ENH: Numpy arrays shareable among related processes. #7533

matejak · 2016-04-09T12:43:37Z

This pull request introduces work that has been seen here earlier:
https://bitbucket.org/cleemesser/numpy-sharedmem/overview (shmarray.py)
Originally written by David Baddeley, then maintained by Chris Lee-Messer, and finally treated by me. The license is a BSD one.

This pull requests introduces np.shm module with empty, ones, zeros and copy functions that can behave the same as their ordinary numpy counterparts with one exception - the output array can be shared between processes, allowing for streamlined parallel data processing with low overhead.

This PR also features a test suite and documentation.
Accepting it would open door to parallelize complicated data processing (for instance processing using external modules) if the problem has a well-defined array-in --- array-out interface.

What I am not too sure about:

Where to place the shm.py file,
Does it really work on non-Unix platforms?
Contents of the __new__ method of the shmarray class are still a mystery to me although I have read the "subclassing ndarray" guide. Could you please drop an eye on it?

seberg · 2016-04-10T11:57:51Z

Can you send a mail to the mailing list about this? My first observations:

This does not work on windows (I assume no; see the test errors)?
The name(s) seems unnecessarily shortened.
Can you explain why the ndarray subclass is needed? Subclasses can be rather annoying to get right, and also for other reasonsl.

In the end the big question is probably whether or not to include it into NumPy proper (especially if it only works on some systems) and the answer to that should be discussed on the list.

charris · 2016-04-10T15:30:21Z

Note that if tests are in numpy/core, the implementation should also be there.

…ponding test suite.

matejak · 2016-04-10T21:11:03Z

Thank you for your suggestions, I will certainly post to the mailing list, but polishing the request a bit first seems as a good idea to me.

Anyway, good news everyone --- I have checked today and I have been able to get it working on MS Windows too.

shoyer · 2016-04-10T23:37:19Z

numpy/doc/shm.py

+to stay the same even if you use the :mod:`threading` module due to a
+CPython feature called `GIL <https://wiki.python.org/moin/GlobalInterpreterLock>`_
+(global interpreter lock). GIL ensures that only one thread is active
+at a time, so threre is no true multitasking.


This is not quite right. Many operations with NumPy/SciPy/pandas release the GIL, which makes multi-threading quite variable. Alternatively, IO also generally also releases the GIL. So multi-threading is only not viable if the inner loop of your code is in pure Python.

Also there is a typo in threre

@Nodd The typo is fixed.
@shoyer As I have explained in the ML, I see the main benefit of this PR in use cases when for third-party modules that do complicated calculations (involving creation of Python objects) that have a numpy interface.
I totally agree with you that NumPy/SciPy/pandas don't fall into this cathegory.

shoyer · 2016-04-11T00:28:02Z

This needs tests and justification for custom pickling methods, which are not used in any of the current examples.
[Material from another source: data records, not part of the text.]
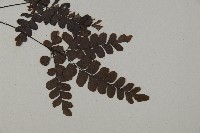 扇葉鐵線蕨藏品圖，第3張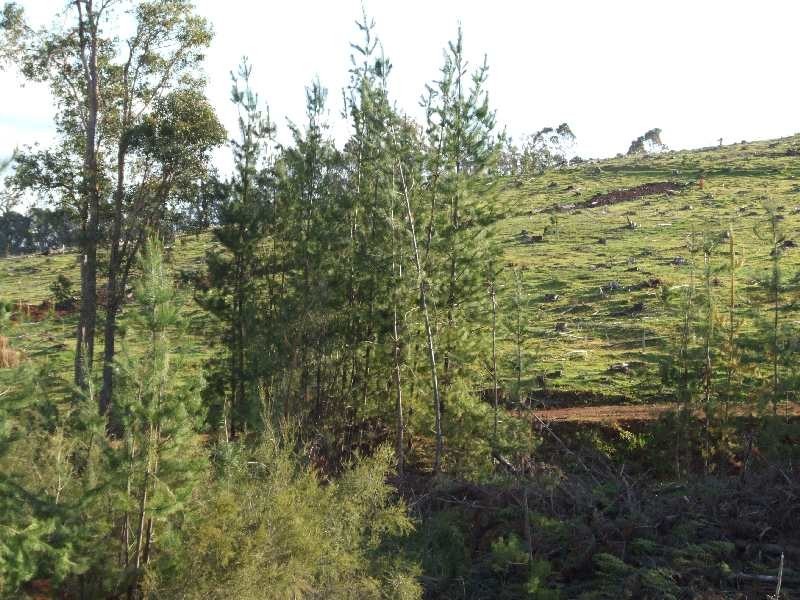 Lot 102,  Beelerup road, Donnybrook WA 6239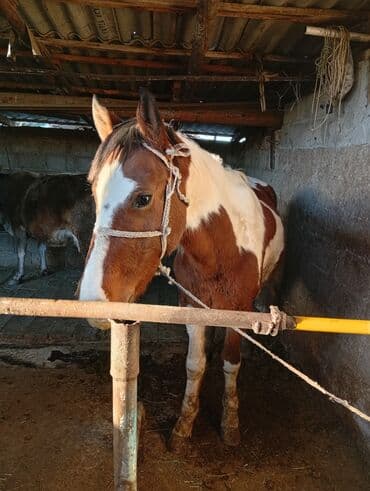 куда отдать собаку бишкек: Продаю | Конь (самец) | Рабочий — 7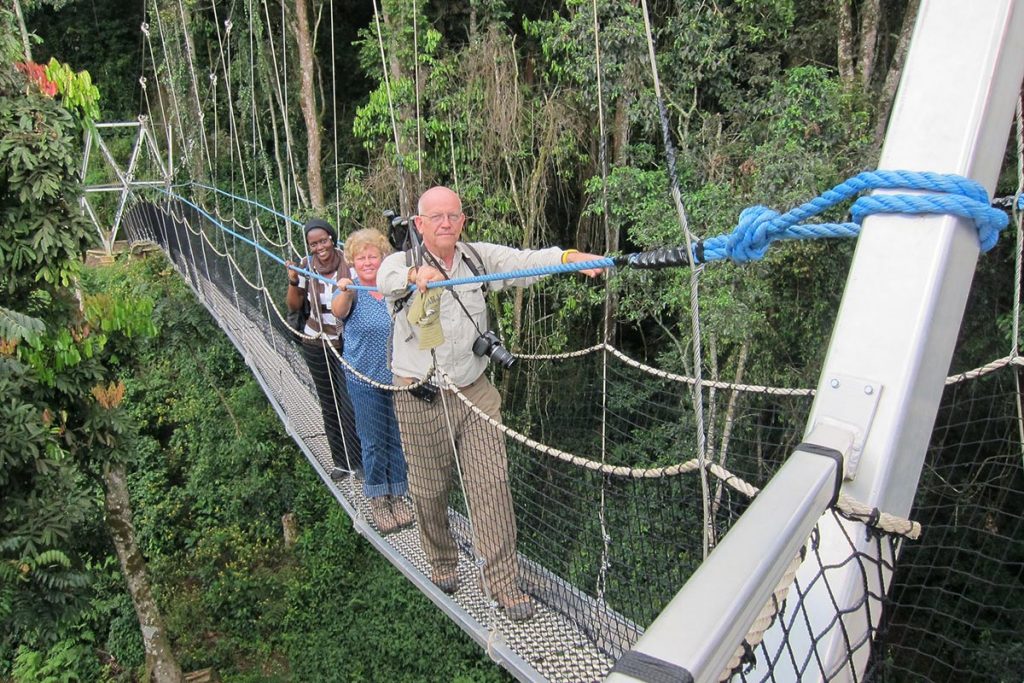 Day 3: Early Pick up from Kigali, Transfer to Nyungwe and Canopy Walk Adventure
I'm pretty sure the reason why they exist is so you can pass these arrays into methods like multiprocessing.Pool.apply_async, concurrent.futures.Executor.submit or joblib.Parallel as an argument. If that works, I would definitely use it for the examples -- it's much cleaner form to pass around arrays as arguments instead of relying on global variables.

I do see some value in providing a canonical right way to construct shared memory arrays in NumPy, but I'm not very happy with this solution, because it appears to require convoluted and error prone setup (you definitely need to create shared memory arrays in the parent process before launching any subprocesses) and terrible code organization (with the global variables). Frankly, I would switch to using something like Numba or Cython for my inner loop (or another programming language without the GIL) before I would suggest adopting the current approach.

If there's some way to we can paper over the boilerplate such that users can use it without understanding the arcana of multiprocessing, then yes, that would be great. But otherwise I'm not sure there's anything to be gained by putting it in a library rather than referring users to the examples on StackOverflow [1] [2].

In my mind, there is roughly an appropriate level of boilerplate for user code:

def do_something(shape, args):
    shared_array = np.shared_empty_array(shape)
    joblib.Parallel(delayed(func)(shared_array, other, ...) for other in args)

Finally, even if this can be done cleanly it's not clear to me that this belongs in NumPy. Joblib already solves exactly this sort of problem. Because it write temporary files to /dev/shm/ if available, this is basically a solved problem on Linux.

[1] http://stackoverflow.com/questions/10721915/shared-memory-objects-in-python-multiprocessing
[2] http://stackoverflow.com/questions/7894791/use-numpy-array-in-shared-memory-for-multiprocessing

matejak · 2016-04-11T12:42:30Z

The discussion not concerning implementation details is likely to move to the ML:
https://mail.scipy.org/pipermail/numpy-discussion/2016-April/075342.html

…iprocessing pool case.

…rray

matejak · 2016-04-18T20:26:41Z

I have added a quite complete example of a module that wraps around multiprocessing.Pool and that can also perform progress notification. I believe that some of the boilerplate can be avoided by introducing factory functions, would you like me to look into that?

charris · 2016-05-09T18:48:25Z

The concurrent module is new in Python 3.2 so not available in 2.7. Tests and whatever else needs to be fixed to account for that.

charris · 2016-05-09T18:58:56Z

Please squash the commits into relevant bits and follow the commit message format in doc/source/dev/gitwash/development_workflow.rst.

Also, the name shm is not informative, perhaps a simple shared_memory or something along those lines?

matejak · 2016-05-16T16:34:11Z

@charris Can I assume that merging this to numpy is not ruled out? I will gladly work on improving this PR, but obviously not if it is guaranteed that it won't be accepted.

charris · 2016-05-16T16:41:59Z

It is not my area, but the comments on the mailing list were somewhat skeptical. I'd be inclined to leave this out unless several people make a strong case for its inclusion. @njsmith @sturlamolden Thoughts.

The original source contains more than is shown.